Exercise is beneficial for individuals with Alzheimer's disease (AD). In rodent models of AD, exercise decreases the amyloidogenic processing of the amyloid precursor protein (APP). Although, it remains unclear how exercise is promoting this shift away from pathological APP processing, there is emerging evidence that exercise-induced factors released from peripheral tissues may facilitate these alterations in brain APP processing. Interleukin-6 (IL-6) is released from multiple organs into peripheral circulation during exercise and is among the most characterized exerkines.
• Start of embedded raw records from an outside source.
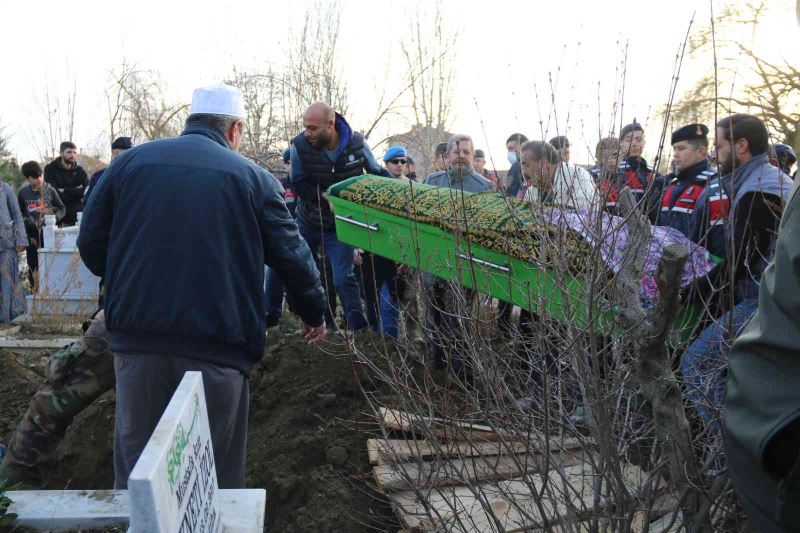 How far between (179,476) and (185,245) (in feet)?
4.44

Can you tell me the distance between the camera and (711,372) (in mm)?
2686

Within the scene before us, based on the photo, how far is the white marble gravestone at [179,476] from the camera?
157cm

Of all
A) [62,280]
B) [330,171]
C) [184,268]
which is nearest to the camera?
[184,268]

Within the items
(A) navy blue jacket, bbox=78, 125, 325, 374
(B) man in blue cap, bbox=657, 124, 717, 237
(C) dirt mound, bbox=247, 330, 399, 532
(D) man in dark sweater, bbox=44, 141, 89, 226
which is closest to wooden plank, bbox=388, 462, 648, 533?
(C) dirt mound, bbox=247, 330, 399, 532

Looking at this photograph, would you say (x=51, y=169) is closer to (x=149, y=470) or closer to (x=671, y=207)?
(x=671, y=207)

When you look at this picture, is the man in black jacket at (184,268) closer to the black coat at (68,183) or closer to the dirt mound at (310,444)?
the dirt mound at (310,444)

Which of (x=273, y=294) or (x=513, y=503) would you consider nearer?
(x=513, y=503)

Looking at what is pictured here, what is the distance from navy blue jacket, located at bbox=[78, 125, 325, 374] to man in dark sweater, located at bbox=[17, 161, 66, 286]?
26.9 feet

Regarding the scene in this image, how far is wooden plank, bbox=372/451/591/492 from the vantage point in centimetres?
272

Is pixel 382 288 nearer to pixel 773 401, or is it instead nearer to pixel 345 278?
pixel 345 278

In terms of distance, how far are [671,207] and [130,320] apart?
3507 millimetres

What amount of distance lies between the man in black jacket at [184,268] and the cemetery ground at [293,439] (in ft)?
1.85

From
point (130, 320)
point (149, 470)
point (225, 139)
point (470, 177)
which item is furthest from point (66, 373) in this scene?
point (470, 177)

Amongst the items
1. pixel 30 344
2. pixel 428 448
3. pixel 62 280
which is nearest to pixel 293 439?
pixel 428 448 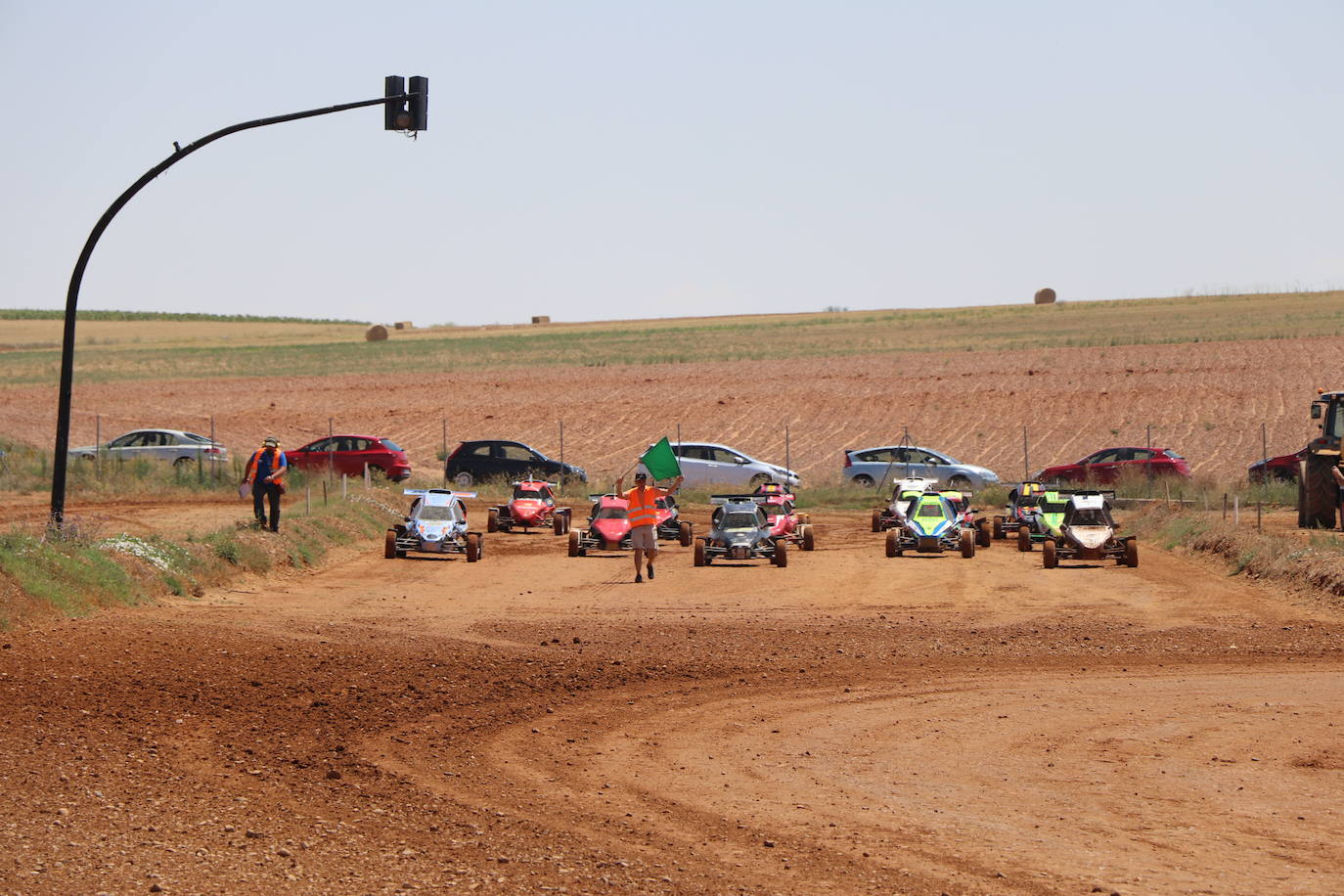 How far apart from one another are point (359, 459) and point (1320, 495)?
2451cm

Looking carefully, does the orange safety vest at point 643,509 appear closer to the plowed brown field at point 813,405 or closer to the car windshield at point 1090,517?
the car windshield at point 1090,517

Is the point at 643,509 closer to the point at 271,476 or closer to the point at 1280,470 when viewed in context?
the point at 271,476

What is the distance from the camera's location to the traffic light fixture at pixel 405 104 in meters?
21.5

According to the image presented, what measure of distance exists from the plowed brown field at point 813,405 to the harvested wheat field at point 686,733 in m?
25.5

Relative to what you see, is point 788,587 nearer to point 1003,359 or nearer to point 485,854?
point 485,854

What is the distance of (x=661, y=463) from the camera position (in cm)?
2806

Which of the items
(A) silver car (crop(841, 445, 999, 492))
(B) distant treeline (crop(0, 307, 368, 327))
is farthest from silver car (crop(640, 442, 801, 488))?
(B) distant treeline (crop(0, 307, 368, 327))

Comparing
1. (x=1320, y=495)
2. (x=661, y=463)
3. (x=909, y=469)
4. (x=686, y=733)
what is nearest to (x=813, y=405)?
(x=909, y=469)

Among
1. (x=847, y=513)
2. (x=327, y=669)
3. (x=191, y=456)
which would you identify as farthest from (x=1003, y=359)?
(x=327, y=669)

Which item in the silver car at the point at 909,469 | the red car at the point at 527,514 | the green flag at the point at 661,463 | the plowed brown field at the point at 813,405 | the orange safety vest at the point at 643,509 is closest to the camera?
the orange safety vest at the point at 643,509

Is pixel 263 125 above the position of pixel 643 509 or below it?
above

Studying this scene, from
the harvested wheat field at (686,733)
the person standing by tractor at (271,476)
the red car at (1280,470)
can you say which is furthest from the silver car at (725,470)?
the person standing by tractor at (271,476)

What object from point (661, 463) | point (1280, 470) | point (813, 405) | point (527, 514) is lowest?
point (527, 514)

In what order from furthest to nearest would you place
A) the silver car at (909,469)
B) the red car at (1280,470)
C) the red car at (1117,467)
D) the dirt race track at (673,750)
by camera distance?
the silver car at (909,469) < the red car at (1117,467) < the red car at (1280,470) < the dirt race track at (673,750) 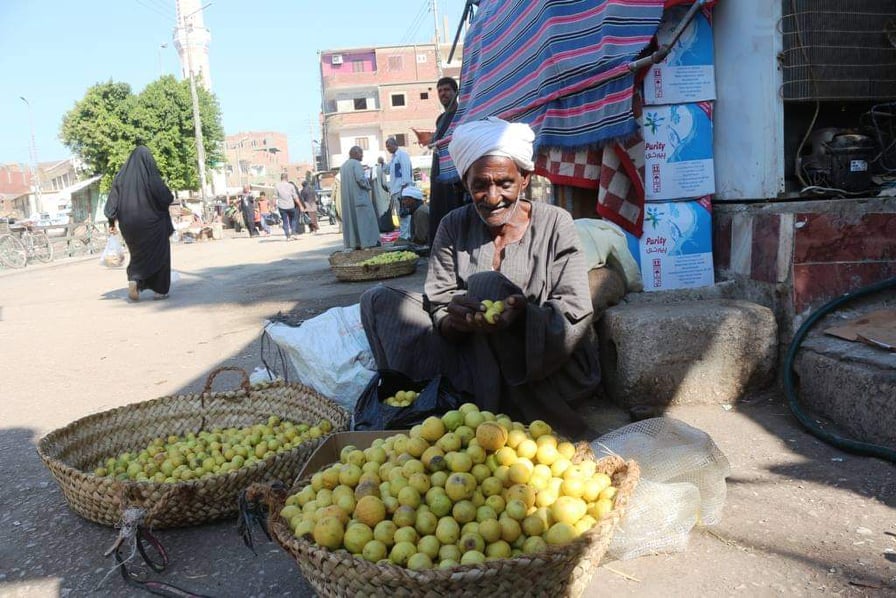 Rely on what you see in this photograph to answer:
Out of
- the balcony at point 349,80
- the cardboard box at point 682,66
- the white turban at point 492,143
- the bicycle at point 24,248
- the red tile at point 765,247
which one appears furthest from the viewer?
the balcony at point 349,80

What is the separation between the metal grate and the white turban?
176 centimetres

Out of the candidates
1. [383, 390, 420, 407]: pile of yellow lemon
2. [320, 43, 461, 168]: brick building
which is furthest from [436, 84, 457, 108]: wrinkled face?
[320, 43, 461, 168]: brick building

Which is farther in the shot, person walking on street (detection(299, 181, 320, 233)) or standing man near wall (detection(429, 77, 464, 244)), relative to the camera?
person walking on street (detection(299, 181, 320, 233))

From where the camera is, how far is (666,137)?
3.99 metres

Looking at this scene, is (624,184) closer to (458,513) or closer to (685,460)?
(685,460)

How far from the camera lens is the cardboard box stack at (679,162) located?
3.95 metres

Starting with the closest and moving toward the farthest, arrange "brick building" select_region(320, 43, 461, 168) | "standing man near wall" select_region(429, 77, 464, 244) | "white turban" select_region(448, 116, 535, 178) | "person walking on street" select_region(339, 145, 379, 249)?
"white turban" select_region(448, 116, 535, 178)
"standing man near wall" select_region(429, 77, 464, 244)
"person walking on street" select_region(339, 145, 379, 249)
"brick building" select_region(320, 43, 461, 168)

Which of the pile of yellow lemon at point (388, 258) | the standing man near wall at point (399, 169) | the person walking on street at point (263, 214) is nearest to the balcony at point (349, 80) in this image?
the person walking on street at point (263, 214)

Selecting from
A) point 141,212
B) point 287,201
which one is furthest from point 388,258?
point 287,201

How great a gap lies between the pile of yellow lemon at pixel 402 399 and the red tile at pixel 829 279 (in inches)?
83.7

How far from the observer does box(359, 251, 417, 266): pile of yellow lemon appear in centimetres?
886

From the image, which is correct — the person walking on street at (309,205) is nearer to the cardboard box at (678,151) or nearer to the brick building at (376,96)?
the cardboard box at (678,151)

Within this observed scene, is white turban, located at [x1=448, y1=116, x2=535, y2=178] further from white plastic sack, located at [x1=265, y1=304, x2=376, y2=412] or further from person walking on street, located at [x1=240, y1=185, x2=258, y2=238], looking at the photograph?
person walking on street, located at [x1=240, y1=185, x2=258, y2=238]

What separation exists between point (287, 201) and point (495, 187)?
59.2 ft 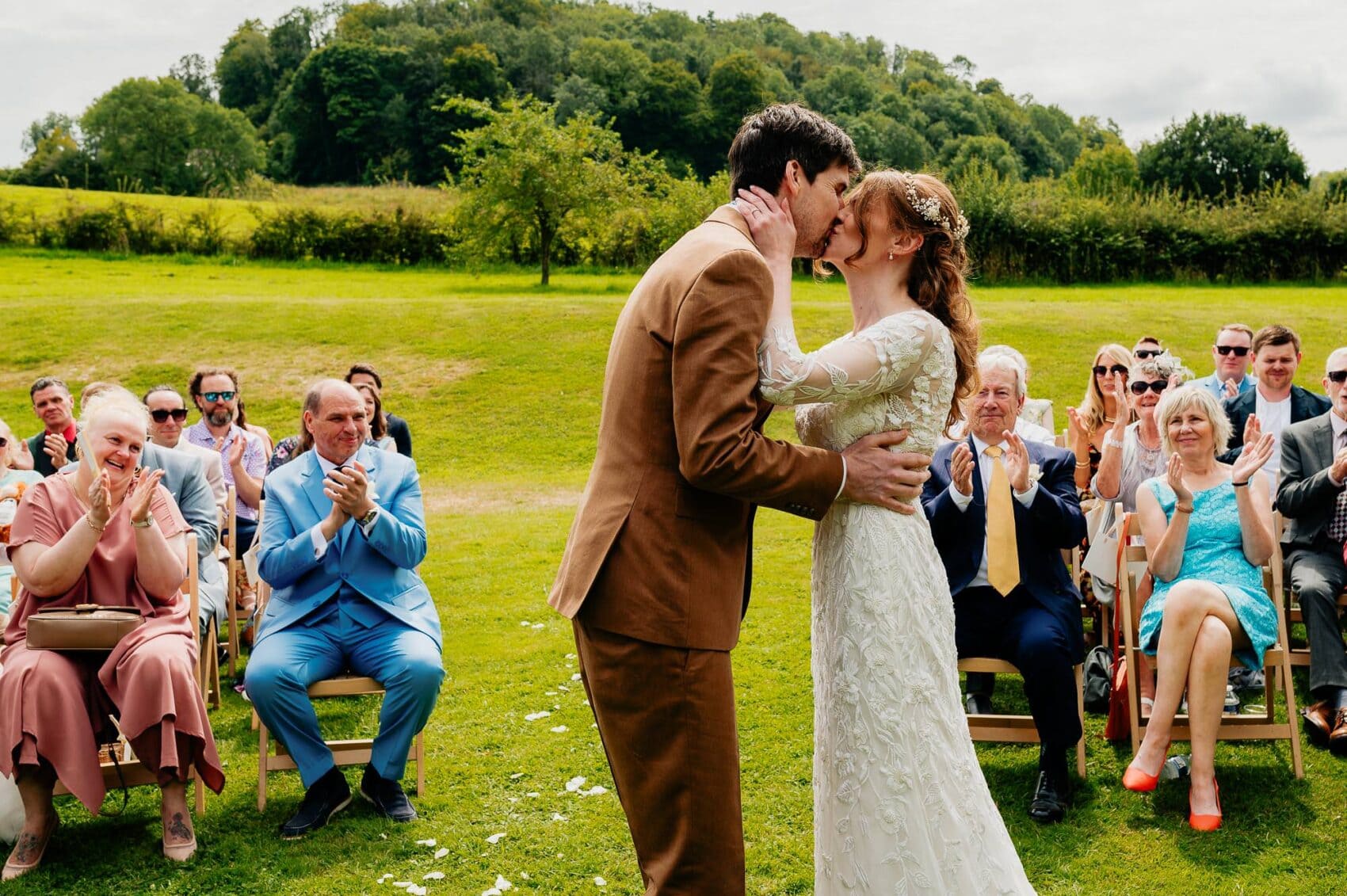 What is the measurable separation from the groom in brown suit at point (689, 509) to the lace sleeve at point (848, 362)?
101 mm

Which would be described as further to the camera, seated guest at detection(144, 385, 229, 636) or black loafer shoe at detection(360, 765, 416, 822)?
seated guest at detection(144, 385, 229, 636)

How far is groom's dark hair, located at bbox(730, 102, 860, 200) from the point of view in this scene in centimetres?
295

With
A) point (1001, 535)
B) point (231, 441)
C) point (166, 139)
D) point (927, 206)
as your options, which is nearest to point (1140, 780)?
point (1001, 535)

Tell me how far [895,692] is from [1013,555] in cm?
242

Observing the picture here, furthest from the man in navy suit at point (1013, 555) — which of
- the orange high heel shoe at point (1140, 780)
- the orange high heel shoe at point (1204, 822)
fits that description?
the orange high heel shoe at point (1204, 822)

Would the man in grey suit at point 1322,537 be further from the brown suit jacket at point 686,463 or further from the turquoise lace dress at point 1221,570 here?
the brown suit jacket at point 686,463

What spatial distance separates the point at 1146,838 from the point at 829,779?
7.32 ft

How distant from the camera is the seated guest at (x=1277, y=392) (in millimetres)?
7695

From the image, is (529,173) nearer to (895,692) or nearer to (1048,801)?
(1048,801)

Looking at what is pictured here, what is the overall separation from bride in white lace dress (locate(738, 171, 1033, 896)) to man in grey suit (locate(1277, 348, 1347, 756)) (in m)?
3.35

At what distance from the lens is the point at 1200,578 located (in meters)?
5.51

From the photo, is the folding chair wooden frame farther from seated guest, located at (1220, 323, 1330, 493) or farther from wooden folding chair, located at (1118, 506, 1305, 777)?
seated guest, located at (1220, 323, 1330, 493)

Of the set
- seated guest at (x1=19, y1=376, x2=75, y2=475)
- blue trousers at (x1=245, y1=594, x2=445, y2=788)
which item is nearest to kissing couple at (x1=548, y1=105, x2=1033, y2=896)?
blue trousers at (x1=245, y1=594, x2=445, y2=788)

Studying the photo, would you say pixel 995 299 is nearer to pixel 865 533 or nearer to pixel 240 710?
pixel 240 710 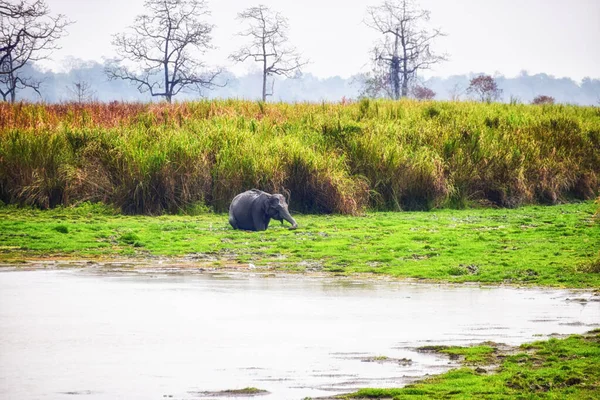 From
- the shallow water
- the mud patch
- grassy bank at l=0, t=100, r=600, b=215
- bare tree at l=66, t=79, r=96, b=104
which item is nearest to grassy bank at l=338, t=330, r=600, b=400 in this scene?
the shallow water

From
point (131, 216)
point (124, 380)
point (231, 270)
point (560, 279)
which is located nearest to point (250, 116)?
point (131, 216)

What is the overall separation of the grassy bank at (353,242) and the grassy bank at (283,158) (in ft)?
2.78

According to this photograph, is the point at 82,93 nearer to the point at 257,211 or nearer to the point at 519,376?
the point at 257,211

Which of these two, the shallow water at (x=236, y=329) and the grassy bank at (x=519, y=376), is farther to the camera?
the shallow water at (x=236, y=329)

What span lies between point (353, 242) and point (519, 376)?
8727 millimetres

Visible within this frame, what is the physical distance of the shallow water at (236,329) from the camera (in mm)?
6707

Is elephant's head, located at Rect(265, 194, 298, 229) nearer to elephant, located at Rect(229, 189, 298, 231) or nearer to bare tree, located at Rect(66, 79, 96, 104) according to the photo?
elephant, located at Rect(229, 189, 298, 231)

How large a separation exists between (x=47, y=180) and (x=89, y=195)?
0.94 meters

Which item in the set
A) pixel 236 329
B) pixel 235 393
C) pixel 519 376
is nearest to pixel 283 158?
pixel 236 329

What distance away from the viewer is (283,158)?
2020cm

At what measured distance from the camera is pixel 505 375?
6.71m

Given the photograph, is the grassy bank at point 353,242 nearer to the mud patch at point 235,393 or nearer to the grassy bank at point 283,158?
the grassy bank at point 283,158

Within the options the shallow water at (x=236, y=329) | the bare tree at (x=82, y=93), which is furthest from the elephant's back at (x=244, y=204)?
the bare tree at (x=82, y=93)

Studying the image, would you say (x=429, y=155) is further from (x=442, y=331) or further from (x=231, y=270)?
(x=442, y=331) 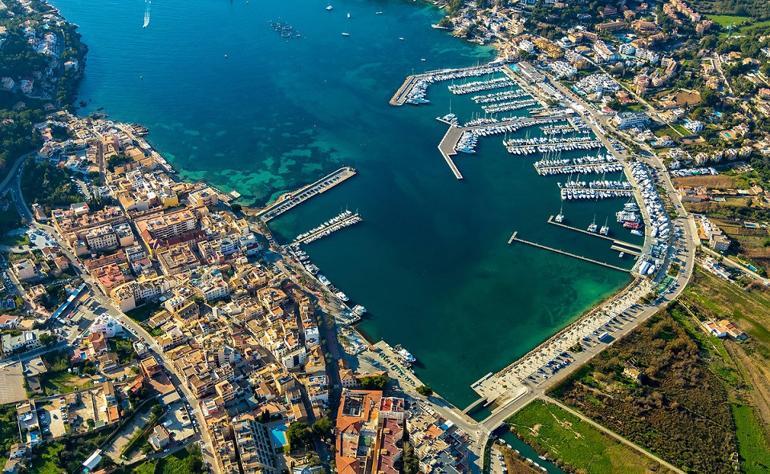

The purpose of this study is to examine if acute IL-6 can modulate key enzymes responsible for APP processing, namely a disintegrin and metalloproteinase 10 (ADAM10) and beta-site amyloid precursor protein cleaving enzyme 1 (BACE1), which initiate the non-amyloidogenic and amyloidogenic cascades respectively. Male 10-week-old C57BL/6J mice underwent and acute treadmill exercise bout or were either injected with IL-6 or a PBS control 15 min prior to tissue collection. ADAM10 and BACE1 enzyme activity, mRNA, and protein expression, as well as downstream markers of both cascades, including sAPPa and sAPPβ, were examined. Exercise increased circulating IL-6 and brain IL-6 signaling (pSTAT3 and Socs3 mRNA). This occurred alongside a reduction in BACE1 activity and an increase in ADAM10 activity. IL-6 injection reduced BACE1 activity and increased sAPPa protein content in the prefrontal cortex. In the hippocampus, IL-6 injection decreased BACE1 activity and sAPPβ protein content. Our results show that acute IL-6 injection increases markers of the non-amyloidogenic cascade and decreases markers of the amyloidogenic cascade in the cortex and hippocampus of the brain.